Ana içeriğe atla

KİTAP ÖNERİSİ | Ocak Ayı (Yarıyıl Özel Tavsiyesi)

ŞU HORTUMLU DÜNYA'DA FİL YALNIZ BİR HAYVANDIR


Yarıyıl tatili gelmişken sizlere bir "okuma kitabı" tavsiyesi yapmak mantıklı geldi içimden.
Bu 15 günü hep beraber güzel değerlendirmeliyiz. Ve bu gün paylaşacağım kitabı büyük ihtimalle 1 gün içinde bitireceksiniz. Bu kitapla benim sayemde tanışırsanız ben mutlu olurum. E zaten tanıştıysanız benim blog'umu okuduğunuz için gurur duyarım.

Hani bazı sıkıcı ve sıkıntılı zamanlarda ilaç gibi karşımıza çıkan kitaplar vardır ya. Bu kitap fazlasıyla ilaç gibi. Ahmet Şerif İzgören'in tüm kitapları gibi akıcı, samimi ve yalın bir anlatıma sahip olan kitap, sadelikle ülke üzerine çok güzel eleştiriler yapıyor.

Peki neden ismi bir garip? diye sorar olduğunuzu duyar gibiyim. Ahmet Şerif İzgören ve bir arkadaşı bir gün ingilizce sınavına girerler. Orada karşılarına "the elephant is only animal this world with a trunk (Fil Dünya'da hortumu olan tek hayvandır)" cümlesi çıkar. Ve bir çeviri hatasıyla arkadaşı bu cümleyi "Şu hortumlu Dünya'da fil yalnız bir hayvandır" olarak çevirir. Ahmet Şerif İzgören'in çok hoşuna gitmiş olacak ki yıllar sonra yazdığı kitaba bu ismi vermiş.

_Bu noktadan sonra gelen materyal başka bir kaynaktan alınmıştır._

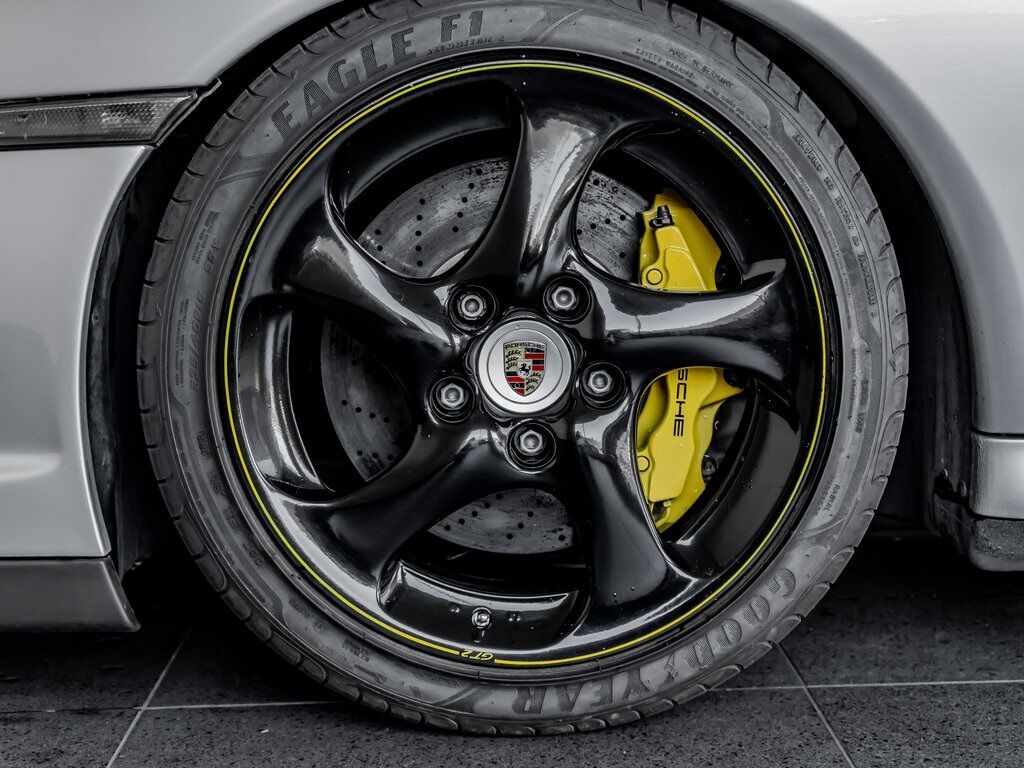 2003 Porsche 911 GT2 Colorado Springs CO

Size aslında benim bu kitapla tanışmamdan ve bende bıraktığı etkilerden bahsetmek istiyorum...

Lise ikinci sınıfa giderken moralimin bozuk olduğu bir gün derse girmekten vazgeçtim. En sevdiğim yerlerden birine gitmek geldi içimden "kütüphaneye". Kütüphaneye girdim tam oturuyorum. Sağ tarafımda bir şey farkettim, merakla dönüp baktığımda bu kitabı gördüm. Yerden alıp masaya koydum. Fakat içimde ona bir göz atmama dair bir his oluştu. Açıp ilk sayfasını okuduğumda geri dönülemez ve bırakmak istemediğim bir yola girdim. Sonra okuldan çıkıp deniz kenarına gittim. Martı sesleri altında bu kitabı okumanın bana verdiği keyfi çok az şey vermiştir bana. Hatta bu kitap benim "baş ucu" kitabımdır.


Bu kitabı öyle severdim ki okumak için şehir dışından 10 km uzakta bir yere gider okurdum. Bu samimi yazımın yanına ciddi bir fotoğraf bırakmak istemezdim ama affedin güzel okuyucular.

Öncelikle bu kitabı bence lise öğrencileri okumalı. Çünkü lise hayatı insan için çok önemlidir. Gerçek anlamda insanın fikirlerinin oluştuğu zaman dilimi lisedir. Benim fikirlerimin büyük kısmı Montaigne temellidir. Ama onun kadar başka birinin katkısı varsa ya J.J. Rousseau ya da Ahmet Şerif İzgörendir. 

Kitabın dili o kadar güzel ki herkes okuyabilir. Kitap o kadar değerli ki her genç öğrenciye okutulmalı. Bundan sonra siz istedikçe size "okuma kitapları" tavsiyeleri yapacağım. Ama sadece kendi okuduğum kitapları anlatacağım. Sadece kişisel kitapları olmayacak burada. Fikir kitaplarından da bahsedeceğim, masal kitaplarından da mizah dergilerinden de.